3.      Krachtens artikel 52, lid 1, sub c, en artikel 8, lid 4, van verordening nr. 40/94 inzake het gemeenschapsmerk kan een gemeenschapsmerk nietig worden verklaard op basis van een merk dat niet is ingeschreven of op basis van een ander in het economische verkeer gebruikt teken met meer dan alleen plaatselijke betekenis.
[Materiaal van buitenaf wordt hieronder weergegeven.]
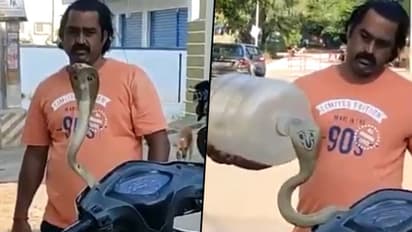 Man applies unique method to rescue the snake from scooter; watch video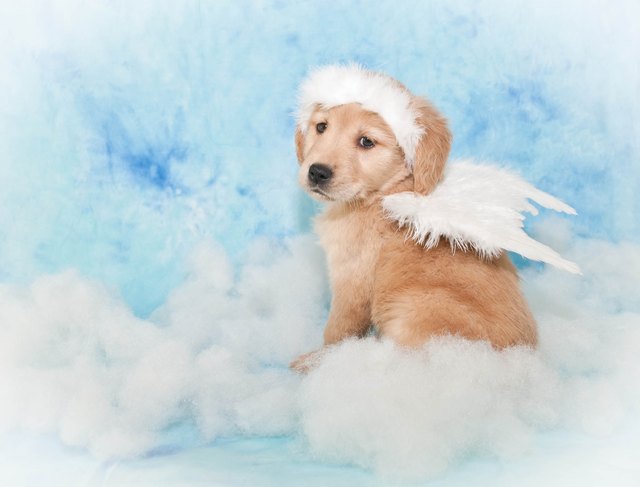 Sweet Angel Puppy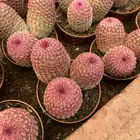 Indoor home garden decoration mini cactus purple sun cactus for sale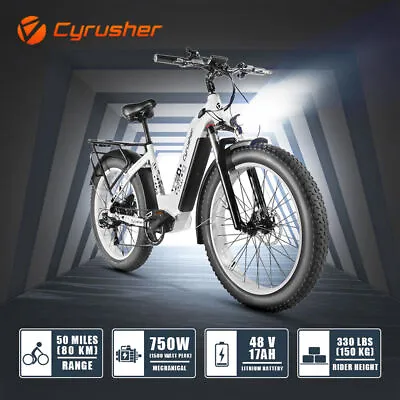 $3390 • Buy Electric Bike Adults 750W48V 15Ah Fat Tire Ebike Beach Mountain Electric Bicycle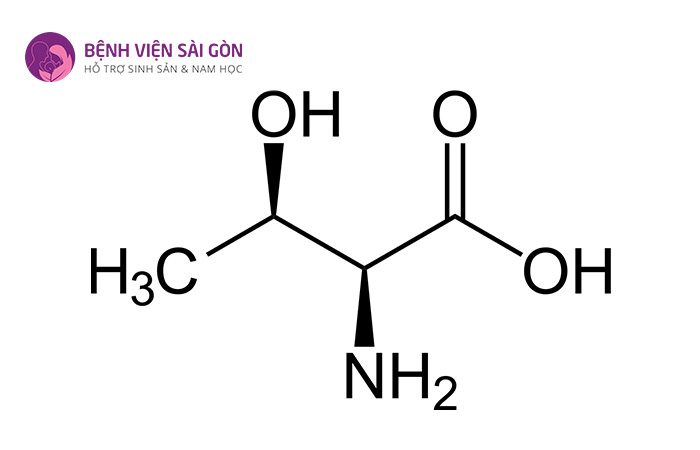 Threonine là axit amin cần thiết cho làn da và răng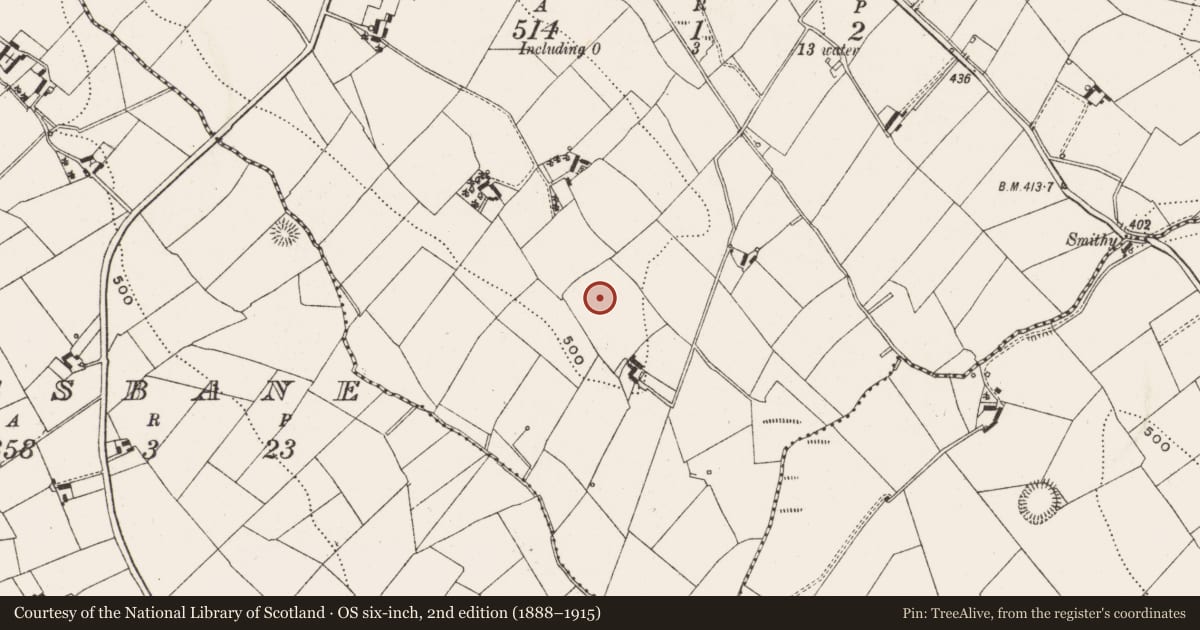 Ordnance Survey six-inch map, 2nd edition (1888–1915) covering the location of Ringfort - rath, Greaghclogh, County Cavan, with a pin at the register's coordinates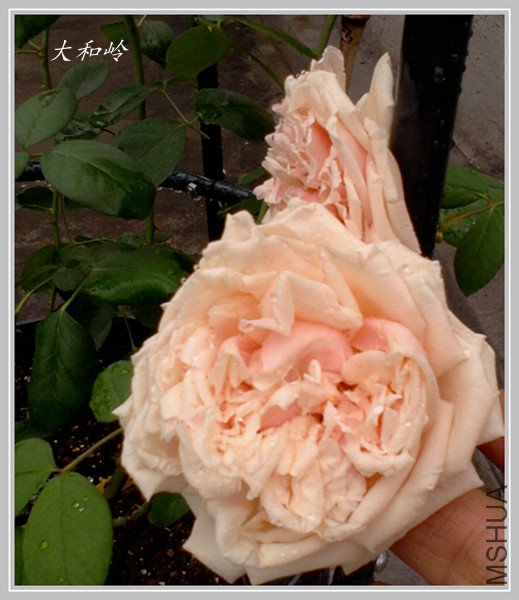 ��Ƭ-0530_����.jpg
Verordening nr. 40/94 laat de verzoeker de keuze van de bewijsmiddelen om aan te tonen dat de betekenis van het door haar ingeroepen teken niet alleen plaatselijk is. Dit kan blijken uit het bestaan van een netwerk van filialen die economisch op het gehele betrokken grondgebied actief zijn, maar kan ook eenvoudiger worden aangetoond, bijvoorbeeld aan de hand van facturen die zijn afgegeven buiten het gebied waar zij haar zetel heeft, aan de hand van persartikelen waaruit de mate van bekendheid van het publiek met het ingeroepen teken blijkt, of door te bewijzen dat reisgidsen verwijzen naar de vestiging.

(cf. punt 43)

4.      Krachtens artikel 52, lid 1, sub c, en artikel 8, lid 4, van verordening nr. 40/94 inzake het gemeenschapsmerk kan een gemeenschapsmerk nietig worden verklaard op basis van een merk dat niet is ingeschreven of op basis van een ander in het economische verkeer gebruikt teken met meer dan alleen plaatselijke betekenis.

Het bewijs van het gebruik van het ingeroepen teken is één van de voorwaarden om in aanmerking te komen voor de bescherming van artikel 8, lid 4, van verordening nr. 40/94, en alleen de houders van tekens die in het economische verkeer worden gebruikt, kunnen dus aanspraak maken op die bescherming.

Dit is een belangrijk verschil met de gemeenschapsmerken en de nationale merken als bedoeld in artikel 8, lid 2, sub a, van verordening nr. 40/94, die worden ingeroepen in het kader van een oppositie‑ of een nietigheidsprocedure. Overeenkomstig artikel 43, leden 2 en 3, van verordening nr. 40/94 en regel 22 en regel 40, lid 6, van verordening nr. 2868/95 tot uitvoering van verordening nr. 40/94 hoeft het bewijs van het gebruik van die merken slechts te worden geleverd wanneer de aanvrager of de houder van het gemeenschapsmerk daarom verzoekt. In dat geval moet het Bureau voor harmonisatie binnen de interne markt (merken, tekeningen en modellen) de opposant of degene die nietigverklaring vordert, verzoeken om binnen een bepaalde termijn het bewijs van het gebruik te leveren.